Harry Redknapp and Rosie 47

A bit of an unusual one from me here. I’m usually more interested in where businesses do bad things where the bad thing is tied up in the aims of the business. Personal gain tax evasion is a bit dull – it’s individuals looking out for themselves.
But get a top-flight football manager involved, and I’m all ears. Tottenham boss Harry Redknapp is currently on trial at Southward Crown Court facing two charges of cheating the public revenue, using an offshore account named for his dog and his year of birth.
My friend was asking me recently about what punishment Mr Redknapp faces. He (my friend) doesn’t want his club’s boss to go to jail. Ideally, said my friend, Redknapp would be found guilty, fined a huge amount of money, and that would be that. Why does he want him to be found guilty? Simple; that would rule him out of contention to be the next England manager (I’m not convinced it would!).
So what does the Crown have to prove, and what could Mr Redknapp face? Cheating the public revenue is a common law offence, a product of England’s long judicial history, and never enshrined in statute. Because of this, the elements of the offence (the bits the Crown has to prove) have taken some time to establish.

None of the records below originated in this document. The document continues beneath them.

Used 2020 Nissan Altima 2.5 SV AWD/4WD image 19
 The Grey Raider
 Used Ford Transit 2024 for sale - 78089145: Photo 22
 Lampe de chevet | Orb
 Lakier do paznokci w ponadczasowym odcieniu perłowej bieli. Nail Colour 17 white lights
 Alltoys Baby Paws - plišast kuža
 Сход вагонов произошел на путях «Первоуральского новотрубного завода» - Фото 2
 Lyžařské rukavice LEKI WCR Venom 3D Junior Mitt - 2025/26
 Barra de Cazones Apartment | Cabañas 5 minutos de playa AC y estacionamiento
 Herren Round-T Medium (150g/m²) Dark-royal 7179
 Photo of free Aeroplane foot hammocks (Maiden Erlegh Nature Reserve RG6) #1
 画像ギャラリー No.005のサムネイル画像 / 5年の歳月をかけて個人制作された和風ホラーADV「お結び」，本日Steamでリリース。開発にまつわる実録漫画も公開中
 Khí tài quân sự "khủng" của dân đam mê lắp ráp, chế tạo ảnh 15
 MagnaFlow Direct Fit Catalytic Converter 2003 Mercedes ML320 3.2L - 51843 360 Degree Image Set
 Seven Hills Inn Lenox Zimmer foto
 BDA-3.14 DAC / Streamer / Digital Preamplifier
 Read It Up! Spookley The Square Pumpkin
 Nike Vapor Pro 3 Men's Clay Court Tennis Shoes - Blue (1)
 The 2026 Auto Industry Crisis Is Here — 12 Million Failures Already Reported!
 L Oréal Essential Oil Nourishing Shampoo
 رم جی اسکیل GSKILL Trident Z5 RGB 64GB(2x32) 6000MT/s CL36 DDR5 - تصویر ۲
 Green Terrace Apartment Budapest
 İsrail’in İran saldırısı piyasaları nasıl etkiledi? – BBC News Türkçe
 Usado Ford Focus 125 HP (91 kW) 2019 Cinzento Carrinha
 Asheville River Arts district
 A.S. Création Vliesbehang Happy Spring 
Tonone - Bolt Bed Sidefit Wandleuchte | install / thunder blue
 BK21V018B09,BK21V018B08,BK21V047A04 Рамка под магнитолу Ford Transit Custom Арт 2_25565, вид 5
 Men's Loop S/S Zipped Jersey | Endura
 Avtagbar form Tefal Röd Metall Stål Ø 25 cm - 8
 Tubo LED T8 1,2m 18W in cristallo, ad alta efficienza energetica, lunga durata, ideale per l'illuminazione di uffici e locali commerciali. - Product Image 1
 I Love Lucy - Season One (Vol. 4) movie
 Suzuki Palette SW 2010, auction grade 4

An authoritative case, as far as I can make out, is Mavji  [1987] 1 W.L.R. 1388; where the offence said to consist of:
“fraudulent conduct by which money was diverted from the revenue and the revenue deprived of money to which it was entitled; that the offence could be committed by omission as well as by a positive act of deceit” (headnote)
It’s not a very user friendly definition, as it goes. And I’m not going to start trying to second guess the way the trial might go. As far as I can gather, Redknapp is essentially playing the daft wee laddie - any non-payment of tax was not done purposefully or fraudulently.
As to sentencing (if Mr Redknapp is guilty), the Crown Prosecution Service doesn’t have sentencing guidelines for cheating the public revenue. Indeed, in Mavji, the court held that similar statutory crimes’ maximum penalties don’t provide good guidance – a two year statutory maximum for a similar crime to Mr Majiv’s was deemed irrelevant as the Court of Appeal upheld a 6 year jail sentence for a cheat that cost the revenue at least £600,000. The sum in the Redknapp case doesn’t look to be anywhere near that, the BBC reporting that tax wasn’t paid on sums totalling about £189,000. And despite there being no guidance,  I would think that any judge would take into account similar aggravating and mitigating factors as applicable in other tax and fraud cases.
I think my friend’s hope may not be altogether unrealistic.